The US features of inflammation and bone damage were analyzed in comparison with the DAS28, with the presence/absence of rheumatoid factor and anti–cyclic citrullinated peptide, with the fulfillment of the new 2010 ACR/EULAR classification criteria, and with the initiated disease-modifying antirheumatic drug. The prescription of methotrexate was considered a marker of an aggressive disease.
Results The US features of inflammation and bone damage correlated with the activity scores measured by the DAS28. The presence of US bone erosions overlapped with the presence of rheumatoid factor and anti–cyclic citrullinated antibodies. Synovial hypertrophy, intra-articular power Doppler signal, and bone erosions detected in at least 1 anatomical site were seen in patients fulfilling (77.7%) and in patients not fulfilling (72.7%) the 2010 ACR/EULAR classification criteria for RA. Synovial hypertrophy was found in at least 1 site in 83.3% and 58.8% of patients in whom methotrexate was prescribed and in whom methotrexate was not prescribed, respectively (P = 0.01). The US features were not correlated with the initiation of sulfasalazine or hydroxychloroquine. The patients presenting bone erosions received in significantly higher percentages the indication for methotrexate (50%) compared with sulfasalazine (20%), P = 0.03, or hydroxychloroquine (26%), P = 0.05.

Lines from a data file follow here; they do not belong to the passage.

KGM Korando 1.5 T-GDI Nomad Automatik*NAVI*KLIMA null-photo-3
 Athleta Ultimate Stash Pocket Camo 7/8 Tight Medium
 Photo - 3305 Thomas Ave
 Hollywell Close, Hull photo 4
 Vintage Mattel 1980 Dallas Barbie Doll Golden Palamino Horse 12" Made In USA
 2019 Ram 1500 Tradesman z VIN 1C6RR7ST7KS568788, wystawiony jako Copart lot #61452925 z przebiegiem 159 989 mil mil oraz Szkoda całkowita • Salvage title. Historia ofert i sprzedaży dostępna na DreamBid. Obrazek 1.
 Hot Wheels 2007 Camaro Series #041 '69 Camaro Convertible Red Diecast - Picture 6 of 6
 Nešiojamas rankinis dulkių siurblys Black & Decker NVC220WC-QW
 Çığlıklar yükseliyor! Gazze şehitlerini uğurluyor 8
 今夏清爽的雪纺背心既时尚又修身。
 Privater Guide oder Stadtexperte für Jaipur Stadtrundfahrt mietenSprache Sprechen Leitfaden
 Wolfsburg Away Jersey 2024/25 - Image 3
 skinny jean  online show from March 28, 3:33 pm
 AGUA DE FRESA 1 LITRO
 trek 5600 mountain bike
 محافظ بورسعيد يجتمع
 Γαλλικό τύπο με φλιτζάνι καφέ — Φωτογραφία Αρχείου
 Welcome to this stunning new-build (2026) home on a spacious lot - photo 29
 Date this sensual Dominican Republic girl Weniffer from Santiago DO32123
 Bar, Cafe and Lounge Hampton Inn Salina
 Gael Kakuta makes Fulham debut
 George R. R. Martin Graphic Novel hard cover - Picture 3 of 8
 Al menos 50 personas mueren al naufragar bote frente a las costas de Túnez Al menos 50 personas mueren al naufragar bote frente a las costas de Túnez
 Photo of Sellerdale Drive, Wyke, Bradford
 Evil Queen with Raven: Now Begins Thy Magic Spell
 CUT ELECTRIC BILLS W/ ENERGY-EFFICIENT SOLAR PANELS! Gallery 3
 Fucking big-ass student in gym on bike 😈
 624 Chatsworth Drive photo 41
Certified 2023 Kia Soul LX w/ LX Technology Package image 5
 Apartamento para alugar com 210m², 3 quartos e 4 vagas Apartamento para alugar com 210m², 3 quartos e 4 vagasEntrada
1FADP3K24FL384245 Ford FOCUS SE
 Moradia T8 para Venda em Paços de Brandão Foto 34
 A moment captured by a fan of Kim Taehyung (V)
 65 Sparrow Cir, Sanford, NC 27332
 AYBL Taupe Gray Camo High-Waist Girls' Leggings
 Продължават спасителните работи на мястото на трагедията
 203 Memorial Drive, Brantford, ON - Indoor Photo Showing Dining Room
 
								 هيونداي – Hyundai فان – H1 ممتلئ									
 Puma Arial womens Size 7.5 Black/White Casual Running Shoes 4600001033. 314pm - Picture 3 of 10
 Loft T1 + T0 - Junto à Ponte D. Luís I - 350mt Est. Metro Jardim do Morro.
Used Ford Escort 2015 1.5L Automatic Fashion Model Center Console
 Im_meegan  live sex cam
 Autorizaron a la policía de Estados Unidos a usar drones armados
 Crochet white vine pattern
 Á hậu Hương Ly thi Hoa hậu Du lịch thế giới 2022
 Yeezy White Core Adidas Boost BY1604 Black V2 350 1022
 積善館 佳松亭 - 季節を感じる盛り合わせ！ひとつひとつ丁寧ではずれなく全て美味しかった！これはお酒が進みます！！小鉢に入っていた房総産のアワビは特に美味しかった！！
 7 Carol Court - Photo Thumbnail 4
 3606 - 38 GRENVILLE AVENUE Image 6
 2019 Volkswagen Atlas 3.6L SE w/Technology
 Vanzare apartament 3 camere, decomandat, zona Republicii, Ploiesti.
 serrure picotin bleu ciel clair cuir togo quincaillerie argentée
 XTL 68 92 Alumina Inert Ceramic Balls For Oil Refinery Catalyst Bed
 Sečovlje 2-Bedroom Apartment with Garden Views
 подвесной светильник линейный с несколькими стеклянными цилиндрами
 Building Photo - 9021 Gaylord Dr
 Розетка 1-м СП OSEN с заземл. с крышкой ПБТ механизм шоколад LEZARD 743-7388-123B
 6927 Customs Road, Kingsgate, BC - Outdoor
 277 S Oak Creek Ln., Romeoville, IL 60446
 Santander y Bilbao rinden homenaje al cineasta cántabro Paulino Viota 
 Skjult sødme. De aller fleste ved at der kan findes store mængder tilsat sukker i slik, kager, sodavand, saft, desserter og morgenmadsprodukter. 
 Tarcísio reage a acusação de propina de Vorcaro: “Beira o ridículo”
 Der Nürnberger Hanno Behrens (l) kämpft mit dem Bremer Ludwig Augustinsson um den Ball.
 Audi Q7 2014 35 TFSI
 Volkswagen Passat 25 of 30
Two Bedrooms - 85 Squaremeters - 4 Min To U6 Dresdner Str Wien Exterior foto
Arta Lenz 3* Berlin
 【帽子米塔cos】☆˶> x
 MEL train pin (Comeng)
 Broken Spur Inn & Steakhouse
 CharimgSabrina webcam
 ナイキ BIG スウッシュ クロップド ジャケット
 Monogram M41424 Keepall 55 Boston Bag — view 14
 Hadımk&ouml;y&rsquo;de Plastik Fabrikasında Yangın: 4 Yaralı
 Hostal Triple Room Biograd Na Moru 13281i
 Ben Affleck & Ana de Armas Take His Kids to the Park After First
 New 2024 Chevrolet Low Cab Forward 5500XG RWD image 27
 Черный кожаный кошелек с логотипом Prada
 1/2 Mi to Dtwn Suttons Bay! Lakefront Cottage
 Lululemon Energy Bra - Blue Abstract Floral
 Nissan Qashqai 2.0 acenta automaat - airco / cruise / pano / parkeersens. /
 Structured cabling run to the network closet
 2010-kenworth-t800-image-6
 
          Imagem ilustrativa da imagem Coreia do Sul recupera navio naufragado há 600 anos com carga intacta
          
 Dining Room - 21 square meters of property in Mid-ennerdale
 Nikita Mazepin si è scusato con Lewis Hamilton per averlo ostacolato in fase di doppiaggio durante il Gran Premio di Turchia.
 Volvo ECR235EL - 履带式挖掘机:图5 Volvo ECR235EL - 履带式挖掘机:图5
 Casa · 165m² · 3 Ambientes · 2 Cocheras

Conclusions The US features of inflammation might be of help in classifying early arthritis patients despite the presence of the immune markers for RA. Together with the US features of bone damage, these might be used as an indicator of a more aggressive disease. The absence of correlation between the US findings of RA and the 2010 ACR/EULAR classification criteria indicates a possible independent contribution of US in the understanding of the future evolution of these patients.